----- Given records

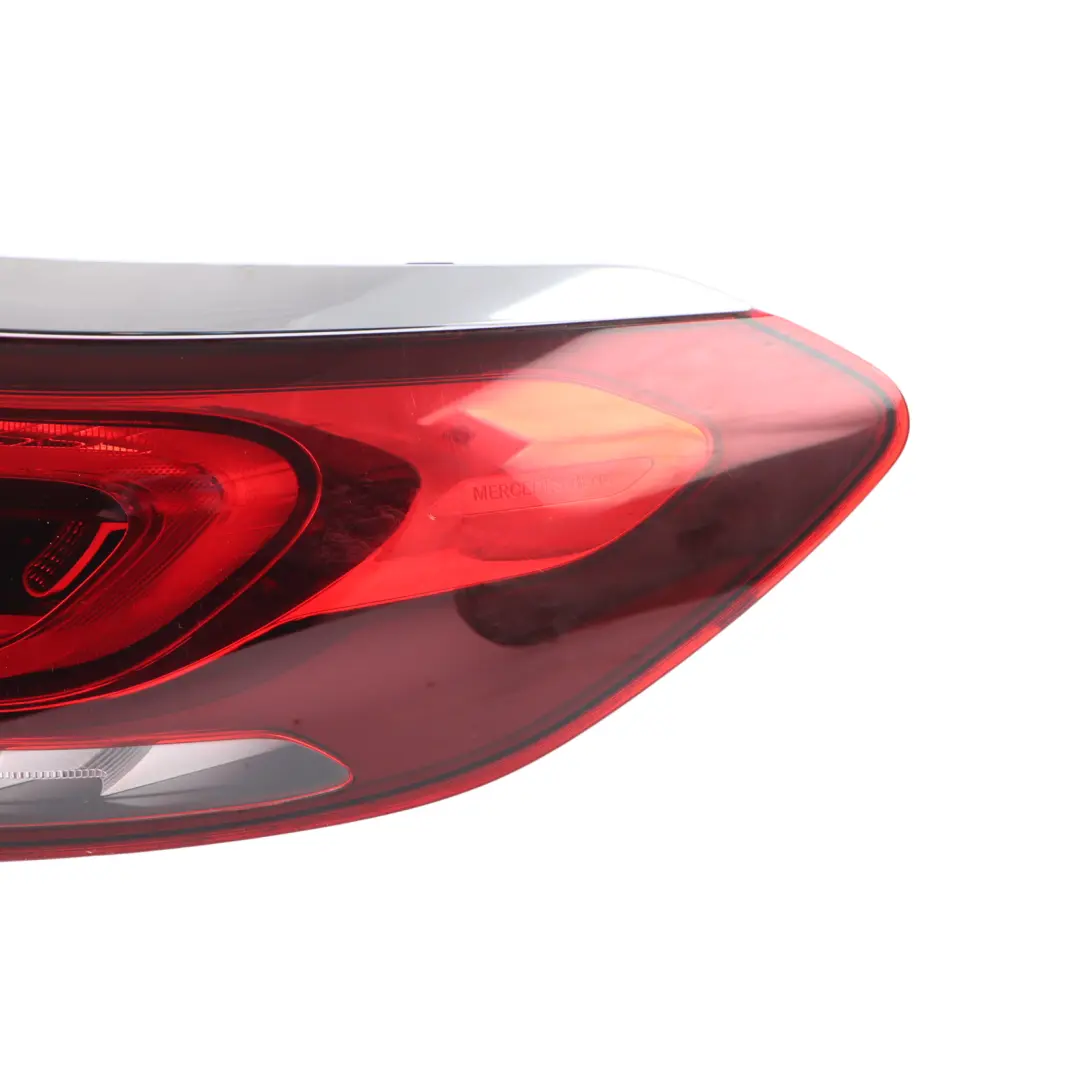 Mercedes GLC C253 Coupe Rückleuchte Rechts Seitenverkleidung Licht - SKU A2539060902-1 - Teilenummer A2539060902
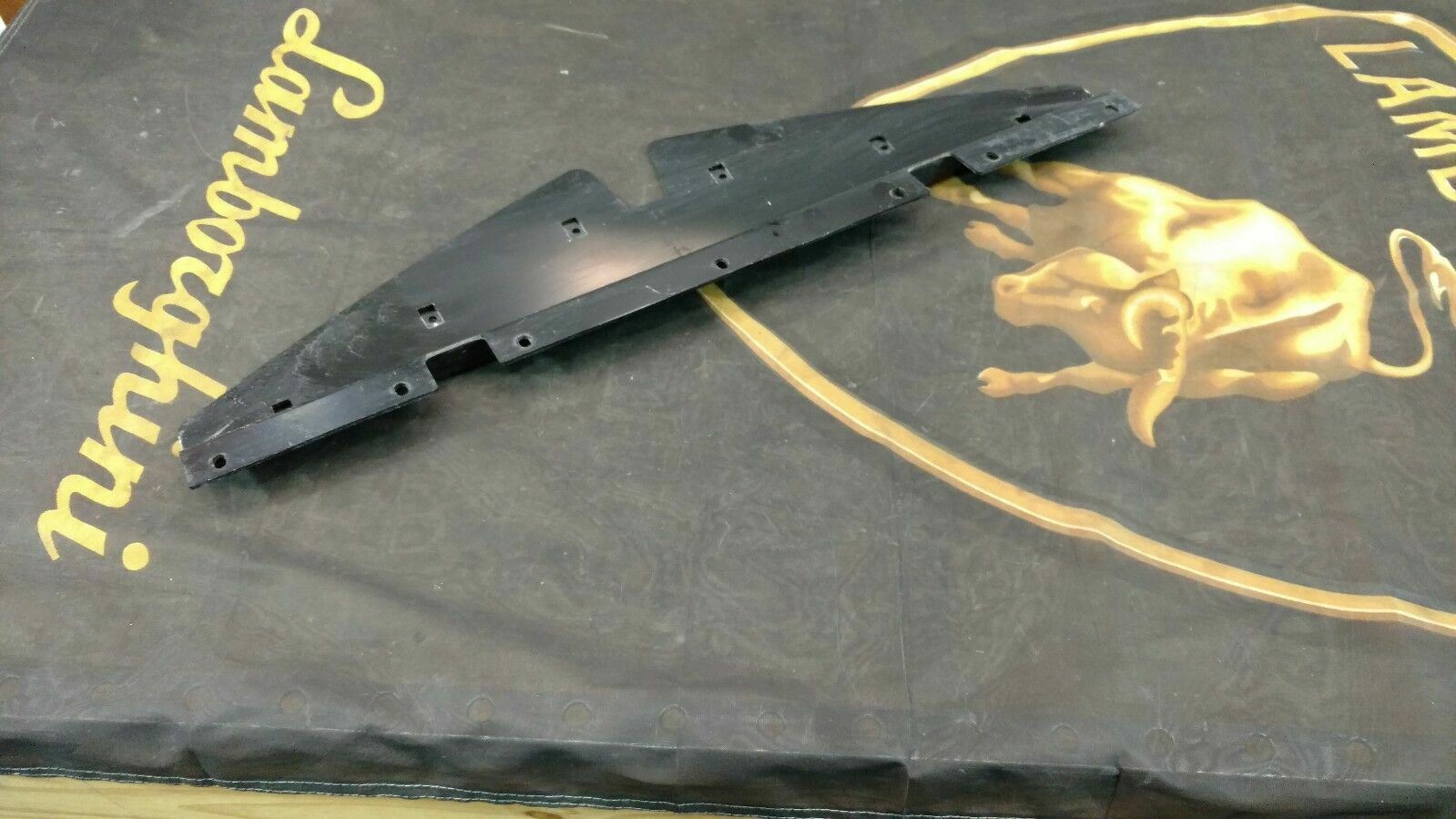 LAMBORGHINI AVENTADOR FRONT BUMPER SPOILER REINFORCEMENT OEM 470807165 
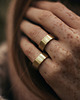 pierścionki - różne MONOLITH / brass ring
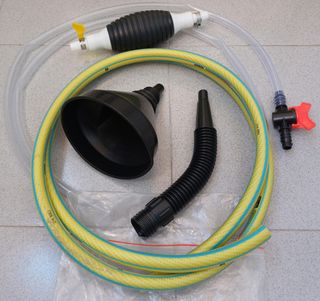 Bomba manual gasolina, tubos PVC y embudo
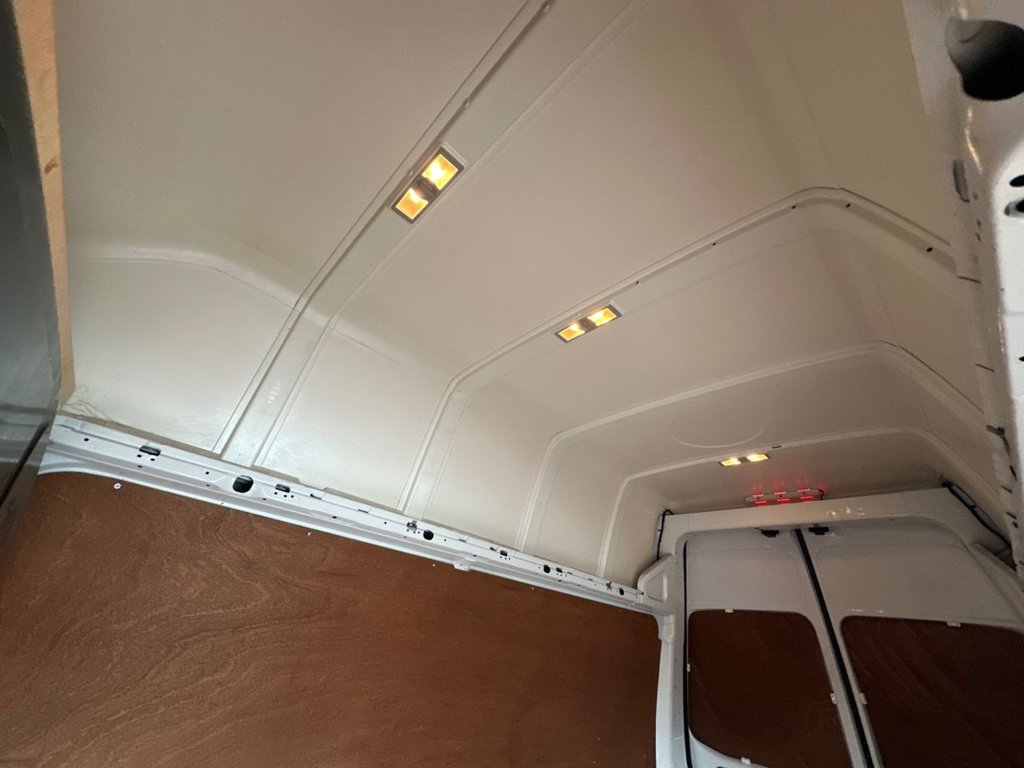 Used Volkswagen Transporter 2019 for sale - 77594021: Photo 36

----------
----- Given records

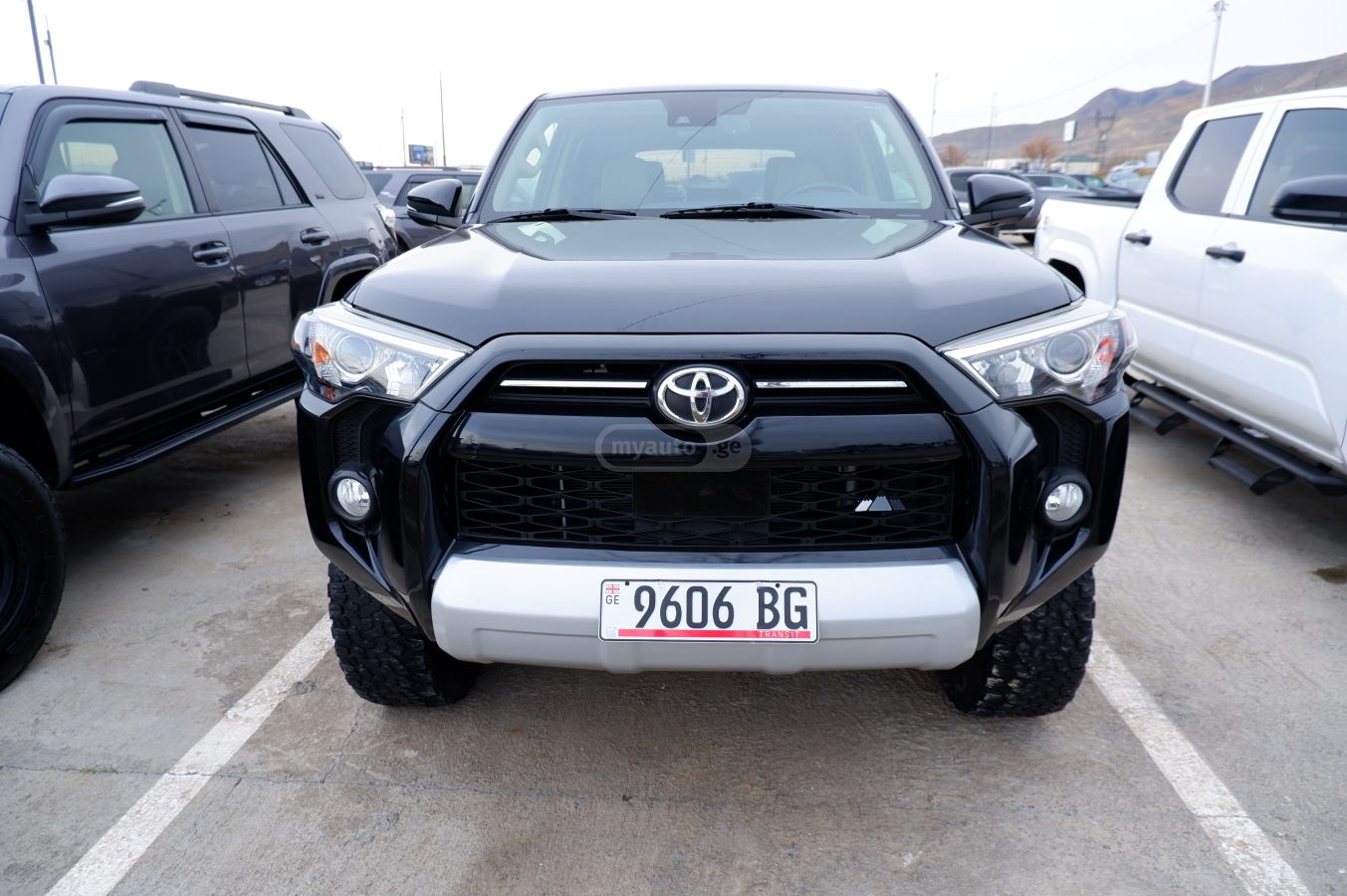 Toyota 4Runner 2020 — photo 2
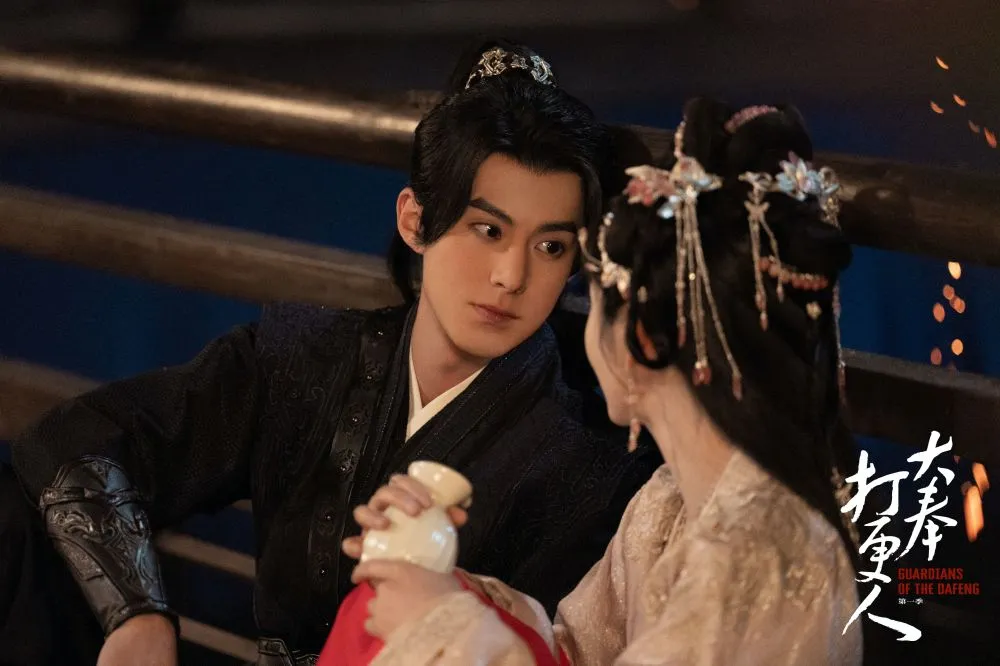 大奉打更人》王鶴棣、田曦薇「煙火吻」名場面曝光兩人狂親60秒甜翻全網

----------
----- Given records

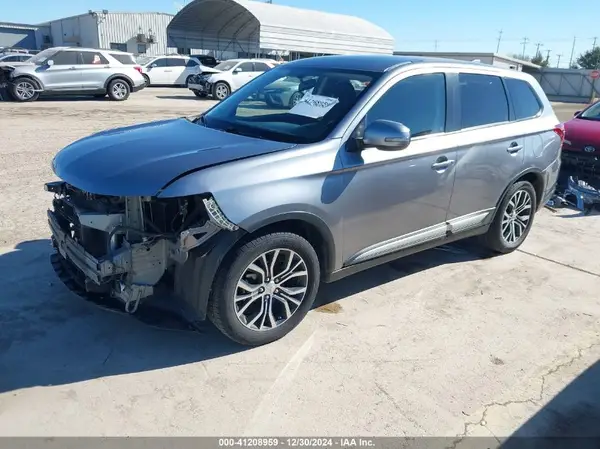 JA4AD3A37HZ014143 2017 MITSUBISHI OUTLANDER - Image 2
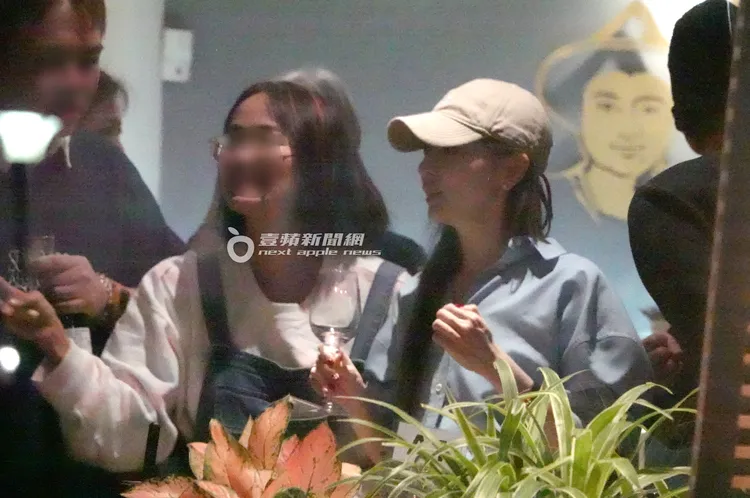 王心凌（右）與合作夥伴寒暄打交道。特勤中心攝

----------

■ Goal of the exercise: Leaving all pictures out, output exactly the lines of the material above from the line with "Mercedes GLC C253" to the line with "Used Volkswagen Transporter", both included.

■ Response area:
 Mercedes GLC C253 Coupe Rückleuchte Rechts Seitenverkleidung Licht - SKU A2539060902-1 - Teilenummer A2539060902
 LAMBORGHINI AVENTADOR FRONT BUMPER SPOILER REINFORCEMENT OEM 470807165 
 pierścionki - różne MONOLITH / brass ring
 Bomba manual gasolina, tubos PVC y embudo
 Used Volkswagen Transporter 2019 for sale - 77594021: Photo 36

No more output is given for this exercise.